Die Ästhetik des Schmerzes scheint der römisch katholischen Kirche für ewig auf den Leib gebrannt. Hatte nicht schon der Kirchenvater Augustinus die Peitsche als Universalhilfsmittel gegen fleischliche Gelüste fetischisiert? Waren es nicht Ratzingers Vorgänger, die Hexen und Ketzer verbrannten, vierteilten, pfählten, an Gülle ersaufen ließen? Und das alles im Namen religiöser Ästhetik. Was denkt der Henker von seinem Opfer? Fühlt er, wie wunderbar sauber die Klinge durch das Fleisch schneidet, das verzerrte Gesicht in einem letzten Ausdruck ungläubigen Erstaunens eine unwiderstehliche Fröhlichkeit zeigt, die als Freude auf Gott interpretiert werden kann?

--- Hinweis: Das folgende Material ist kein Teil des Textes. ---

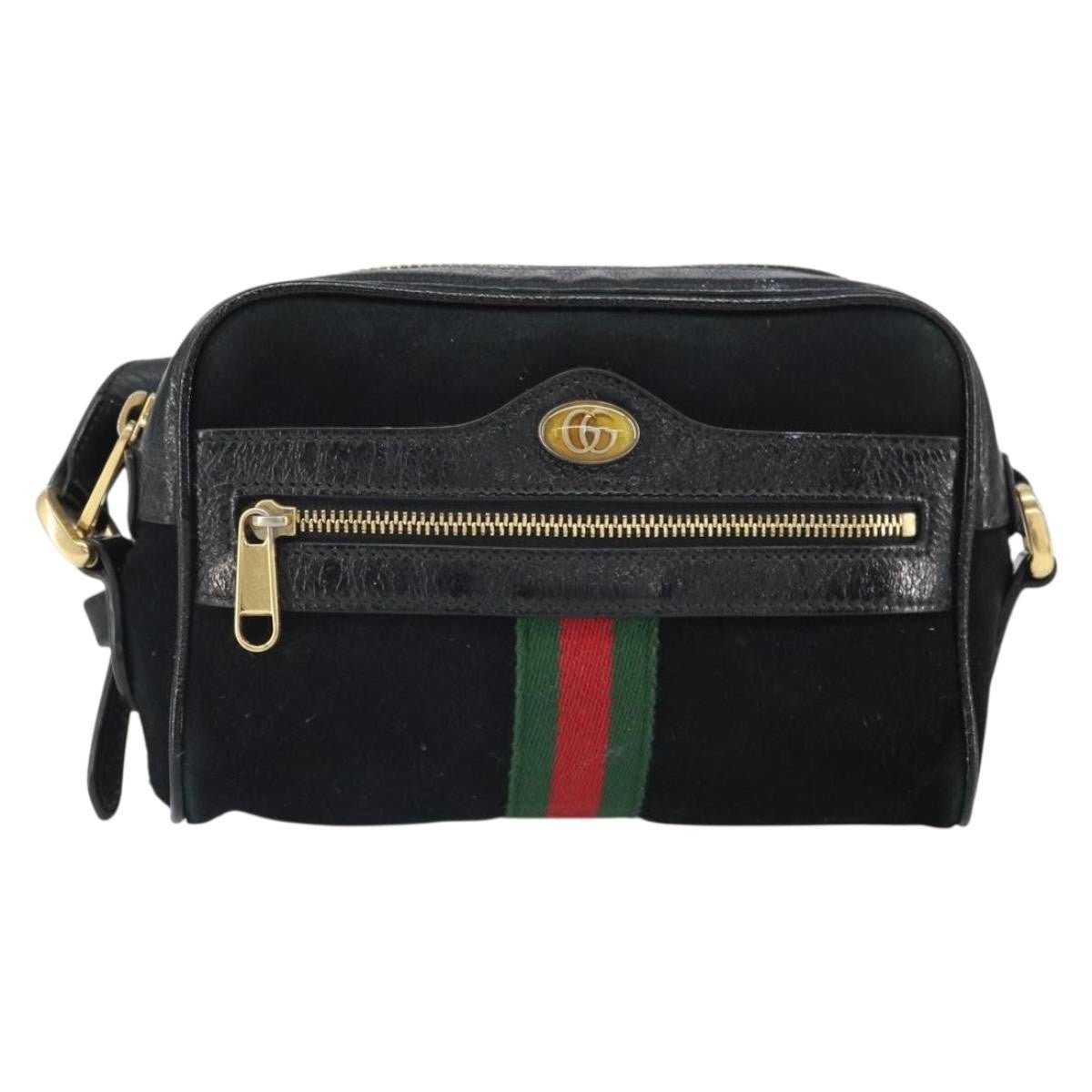 Gucci Ophidia Shoulder Bag - Brandsamsara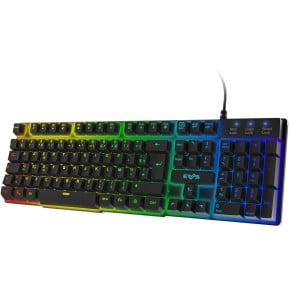 Clavier gaming rétroéclairé Energy Sistem ESG...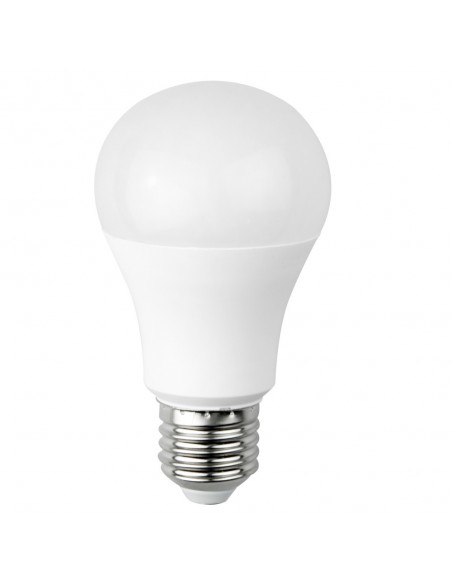 LAMPADINA SUPERLED GOCCIA 9W E27 6500K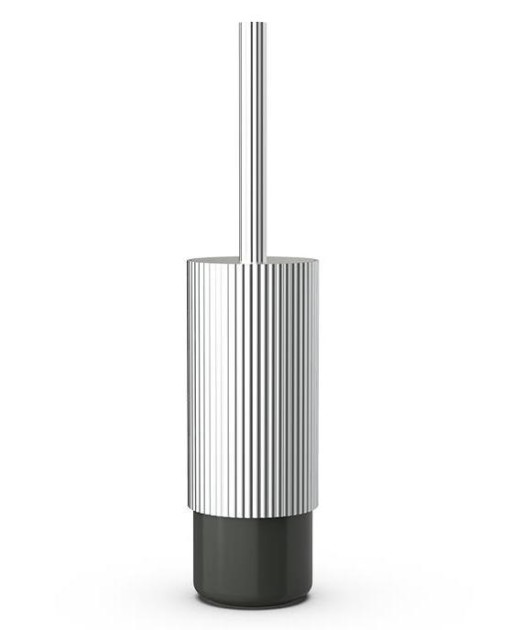 Perie wc cu suport Decor Walther Of.Line SBG Aqua - Moor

Es ist wohl eher die Lust am Abnormen, die Geilheit für Gewalt, die Sehnsucht nach dem Leben nach dem Tod, die Glaubensfanatiker zu weltlichen Gräueltaten verleiten und ihnen auch noch Gefallen daran schenken. Geschunden, verbrannt, eingesperrt, der Sexualität versagt, die Lust auf andere Dinge gelenkt, bösartig im Guten, schlecht im Ungewissen und verlogen im Wahren.